Making money in aviation
dbuds2 said:
I'm researching what alternative engine qualities, performance, and cost the average RV builder (or ~200 HP experimental builder) would require to switch from the standard Lycoming. I am an RV builder, RV8, and an engineer at a major aerospace jet and rocket engine manufacture.
Great idea, every one knows you always usually can make lots of money in aviation businesses.
Seriously, to change, as good of a value, better performance, efficency, lighter weight, with the simplicity of a Lycoming; than you would have something. It has to bolt into the RV airframe with no major change in the airframe or systems. Van's airframe kit is designed around an AIR COOLED Lycoming engine.
Also there's a huge amount of accessories and parts available for the Lyc. Will your new engine use standard accessories for the Lyc, like a hydraulic constant speed prop. The Lyc has electronic ignition, exhaust and props from at least 4 or more independant sources available.
Physics gets into the way.
I
disagree with your premise that a Lycoming is too expensive. I think the Lycoming is a bargain. Once you research this you'll find it's a bargain. I have been in aviation for 20+ years; nothing is cheap in aviation and never has been.
Pilots tend to be cheapskates in somethings and Donald Trump in others, e.g. the $14,000 EFIS display is OK but a $20K engine is too much. A new engine will last at least 2,000 hours. What's the most you fly in a year? 100 hours, may be. That's 20 years of flying! Lets say it's half, 10 years. That is a long time. Lets say in 10 years the core is worth $5k. So $15k/2000 hours = $7.50 / hr. $7.50 and HOUR! What a good deal. Also the resale of your RV will be higher with a Lyc (or clone) than a superskyscooter3000 engine.
Unless you invent a new technology there's nothing new under the sun in fossil fuel engines.
If you're a bargain hunter get your hands greasy; hunt for a good core and rebuild it yourself, which is a great learning experience. There are O320H2D's and O320A's out there at a bargain prices. This is what you'll have to compete with if you make an new alternative.
It's a huge investment to come up with a new engine, unlikely to ever be recouped. There's an army of past and present alternative engine makers taking on Lycoming that resulted in nothing. You should research the failures and current crop of want to be's. None of the latest, greatest, best engines ever have come to market. All cost more than a Lyc, for the same or less performance and efficency. (they all weight more)
Current experimental "alternatives" involve auto engine cores with adaptation and compromises to make it work in a plane. Most popular are the Mazda and Subaru conversions and some V6 conversions. As an engineer you can understand "there ain't no such thing as a free lunch".
Yes water cooling is better, but fitting radiators into the airframe is problematic and draggy. An aircraft has an abundance of cooling air, therefore air cooled engines make engineering sense. The fastest Reno racer, P-51 water cooled? Nope it's an air cooled Hawker Sea Fury.

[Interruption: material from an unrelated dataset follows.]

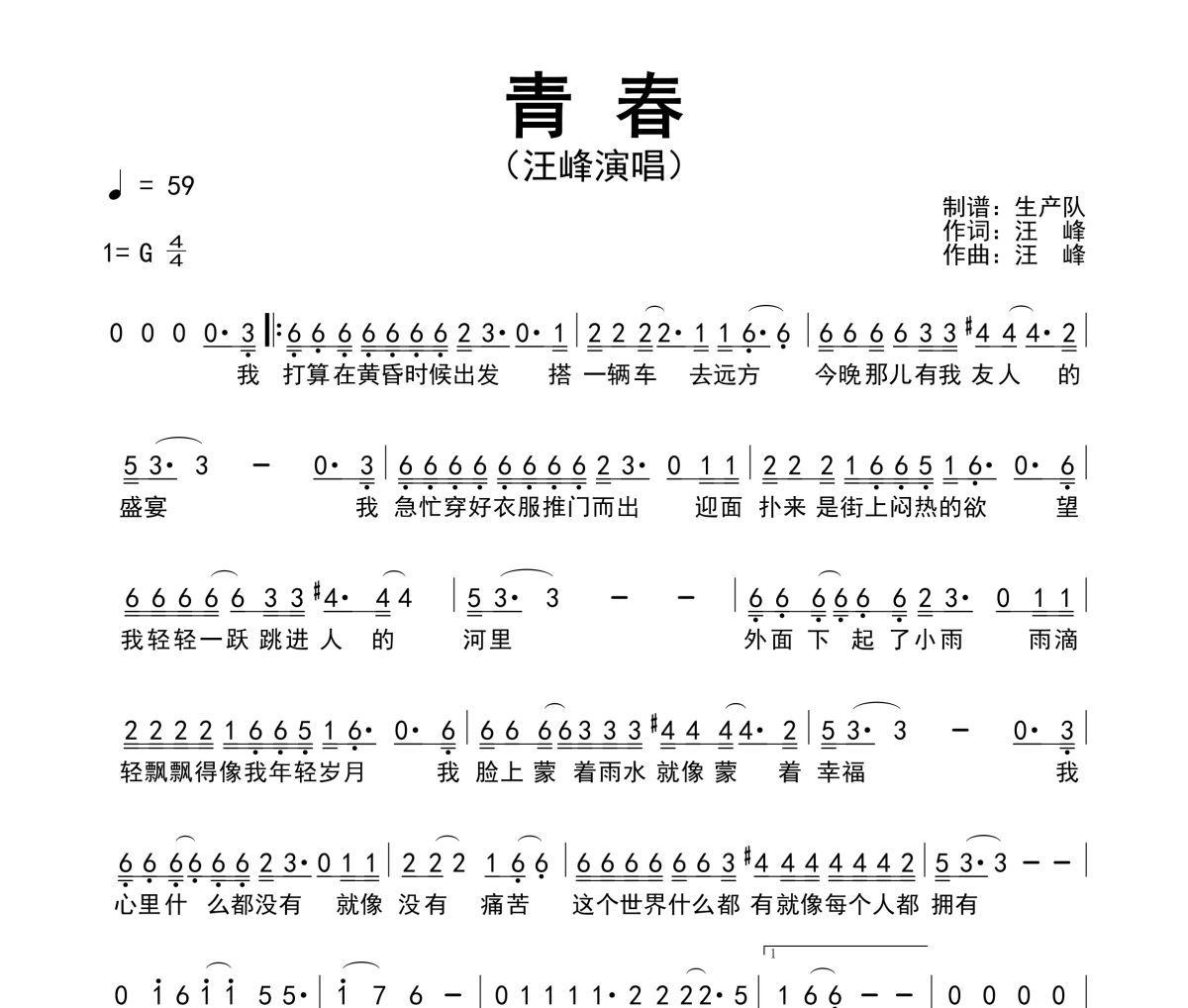 青春简谱 汪峰《青春》简谱G调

Bottom line there's nothing you could offer that would make me change from my Lyc based aircraft. I personally don't think there will ever be a superior engine in our life time for a little GA plane.
(From your last post you are leaning to making a Lyc clone kit. I agree with that. However ECI offers a kit for mid teens. Although popular perception is a Lyc engine is crude, in fact the manufacturing and quality tolerance are quite high requiring advanced casting, machining and metallurgy. Per my fist paragraph you will not make lots of money. In fact Lycoming, ECI and Superior are not getting rich. The profit margin on aviaion is not huge. I would sooner start a eBay business than aerospace one.)